So the other day I was exploring over on Facebook and found this video about how you can cut a glass bottle to make a cup or a vase or whatever. Kind of neat actually, a bit of history a bit of do-it-yourself-ness and answers the question of what to do with some of those really interesting bottles I seem to find and hate the idea of throwing away. Basically you place the bottle onto a turntable, make a small scratch with a diamond tipped tool, and then apply heat (like with a butane torch lighter) around the circumference of the bottle in line with the scratch mark, add just a little pressure and Voila!
The heat causes the the crack to expand all the way around the circumference… then you just have to grind or sand down the sharp edge.
Now, later that night I found myself musing about what a perfect metaphor this was for how easy it can be to be beaten down or broken in life sometimes… a little nick or scratch,.. a little heat… a little pressure and… SMASH… your an emotional or spiritual wreck….
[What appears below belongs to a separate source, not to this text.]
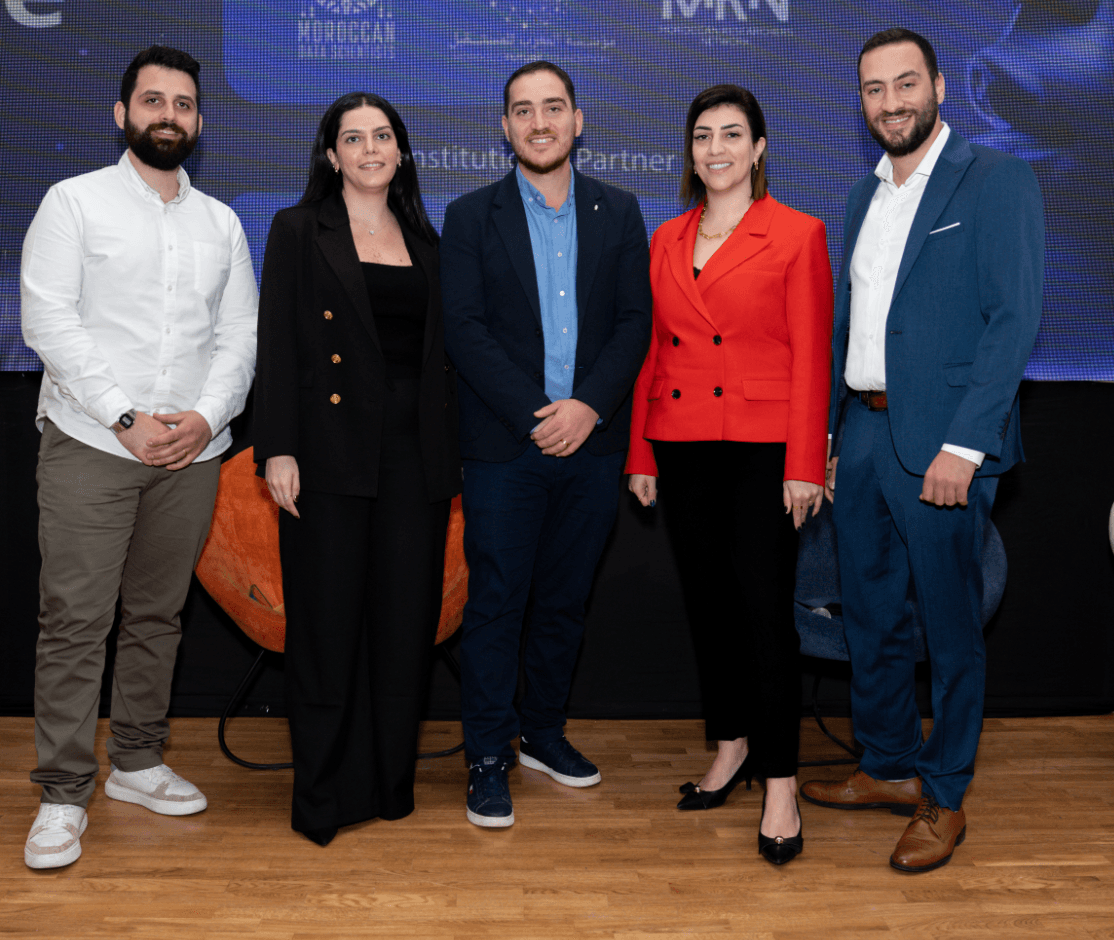 Feryal El Moghraby, founder and CEO of NOVAI, with the team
Yeah, I am a big bag of laughs sometimes aren’t I?
Then, like a ray of light through heavy clouds, I remembered about Kintsugi, which is the Japanese art of repairing broken pottery with lacquer work that incorporates gold dust. The pieces are put back together, the cracks and fault-lines are filled with gold, and the broken vessel is repaired. Many practitioners of the Japanese Tea Ceremony will incorporate Kintsugi pieces into their sets.
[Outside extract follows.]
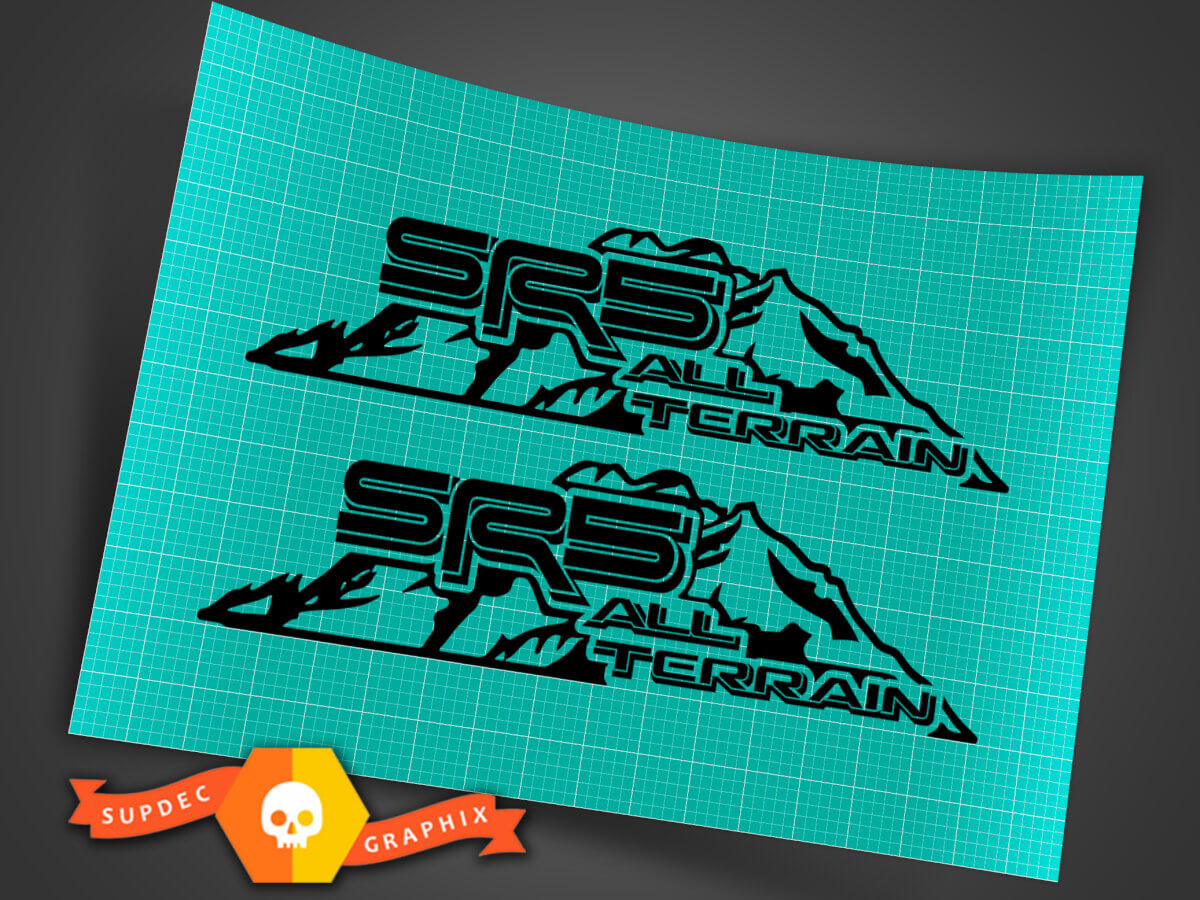 TOYOTA SR5 4X4 ALL TERRAIN DECAL Adesivo decalcomania in vinile lato sviluppo corsa Mountain TRD 3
My mind turned to thoughts of how regular Spiritual practice can help heal us in the times we are broken. I also thought about how in some respects, Spiritual practice, if your doing it right… helps break us. Growth does not come without some pain or struggle… Spiritual practices… the best ones anyway… they seem to require us to face what makes us afraid… to deal with the difficulties and fears and challenges and to then move past them.
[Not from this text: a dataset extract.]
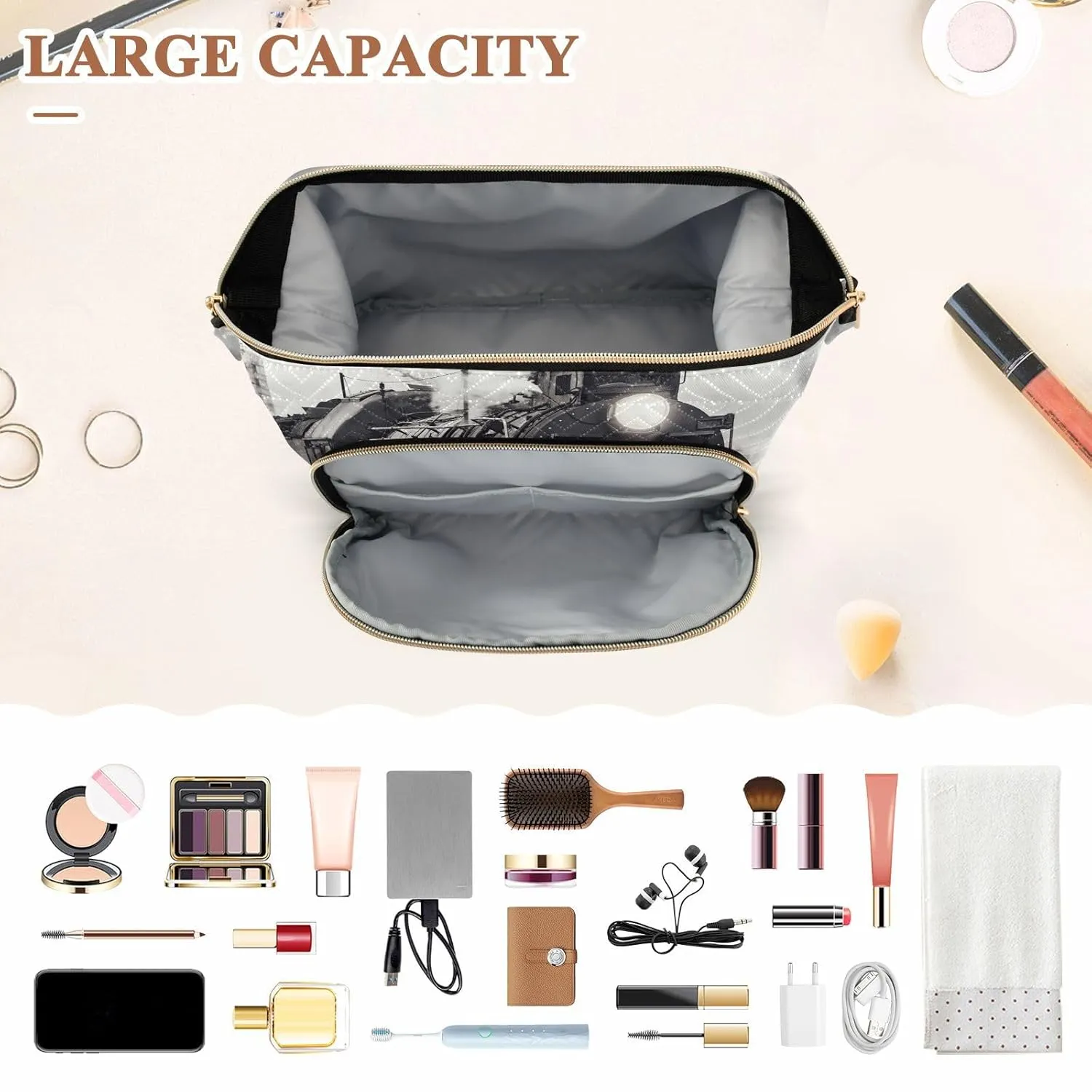 Women Wave Quilt Cosmetic Bag, Zipper Toiletry Storage 10.2x5.9x6.7 in, Pouch Handbag Makeup Case Purse Holder Organizer Print Steam Train With Smoke Departs from Railway Station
At some point in the last few years I started to set aside a lot of my practices because I was engaging in them regularly…not to reach out and up to connect to the world or the Divine… but to endure the everyday… and I felt that that was somehow wrong or profaning the practices or …disrespecting them?
I can see now that that was SO damn wrong-headed of me!
It is through practice that we can be open to the healing, to wisdom, to inspiration. It is NOT about not getting hurt, or broken. It’s about picking up the pieces and finding a way to make them whole again! Day in and day out. Even when we aren’t feeling it, or when all it seems to be doing is making us feel a bit more settled… practice is not about some cross-roads moment spiritual experience with lights and fireworks and whatever. That can be one of the occasional benefits yes, but that should not be why we are practicing. Its about finding the gold dust in life and repairing the cracks in the world with it.